Деревенский люд никогда не упустит возможности поглазеть на важные события сельской жизни, будь то свадьба, крестины иль похороны. И чем значимее событие, тем больше зевак.
О скороспешной свадьбе Прохора и Марыльки знали все, и по этому поводу ходило множество различных домыслов и пересудов. Хотя истинную причину тоже все знали, но многим такое простое объяснение, как любовь и приказание пана Хилькевича казалось уж слишком неинтересным. Зато в воображении селян рождались догадки поистине соответствующие странной скороспелой свадьбе. В основном знатоками в этом деле были самые склочные бабы.
— Забрюхатила, знамо, девка, вот и спешка такая, — стоя под церковью среди зевак, выдвинула своё предположение одна из таких баб. — Ещё и пан Хилькевич срам такой покрывает.
— Не-а, некогда им было. А хоть бы и получилось что, то так быстро не спохватились бы, — возразила другая, видимо, с молодости знавшая всю подноготную в таких делах.
— Ага, вот тольки вашего дозволу и не спросили! Вспомните, як сами замуж повыскакивали. То-то уж люди языками попочесали, — сделав строгий вид, приструнил сплетниц вездесущий дед Лявон.
— О, а мы уж думали, что без тебя тут всё пройдет. Ага, щас же! Где это видано, чтоб Лявон пропустил хоть одно такое событие, — обернувшись и увидев Лявона, насмешливо съязвила одна из баб с непомерно большим носом. — Или ты шаферам тут будешь? На этой чудной свадьбе и такое может быть.
— Шаферам не шаферам, а вот ты бы свой нос в чужие дела не совала, а уж в храм и подавно тебе нечего заходить. Батюшка при твоём появлении каждый раз теряется и крестится, думает, что черти в церковь лезут.
— Тьфу на тебя, пень старый, — не решившись дальше вступать с дедом в перепалку, баба с гордым видом отвернулась к своей собеседнице. — Если люди говорят, что негоже так веселье править, значит, так оно и есть.
Подслушав, о чем велась речь, в разговор вмешалась ещё одна почти беззубая баба в истрепанном до лохмотьев рубище:
— А можа, Хима тут вштряла. Они ж оба имели дело ш етой ведьмой. Ох, чует моё шерце: не шпрошта вшё ето.
Две первые бабы замолкли и с удивлением глянули на ещё одну «провидицу». Затем медленно перевели взгляды друг на друга и прыснули со смеху.
В селе никто всерьёз не воспринимал местную блаженную. На самом же деле эта придурковатая баба глупостей говорила не больше других, а иногда в её речах здравого смысла звучало гораздо больше, чем у тех, кто считал себя умнее и хитрее её. Просто временами находило на эту странную селянку непонятно что: то ли затмение, то ли прозрение, и её поступки и речи не всегда были подвластны мужицкому складу ума.
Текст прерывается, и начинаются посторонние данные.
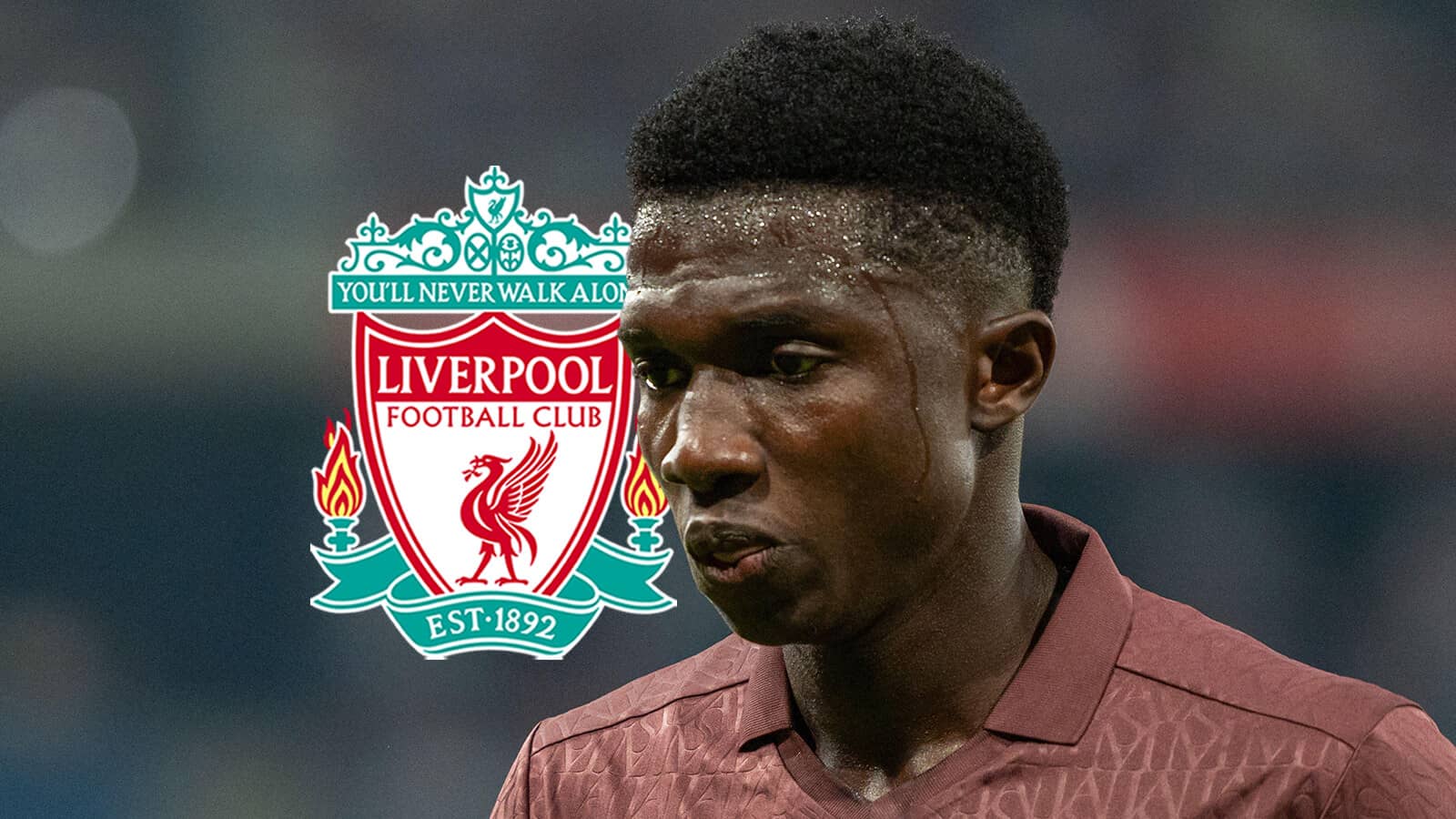 Liverpool badge and AS Monaco midfielder Lamine Camara - copyright TEAMtalk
— Ешли б Хима вштряла, то это была б не швадьба, а похороны. Понятно тебе, дурья твоя башка?! — передразнили собеседницы дурочку, хотя каждая про себя подумала, что очень даже может и права непутёвая.
Но вот убранная лентами и цветами панская бричка первая вкатила на церковный двор. В ней восседали Прохор, сват Мирон, панич Андрей Семенович и первый дружок Игнат. Все нарядные. Даже у кучера к картузу был прикреплён яркий цветок. Следом на легком возку — Марыля, свидетельница Любаша и ещё две подружки. Ещё на трёх подводах теснилась остальная дружина молодых и многочисленные братья, свояки, сёстры и прочая родня.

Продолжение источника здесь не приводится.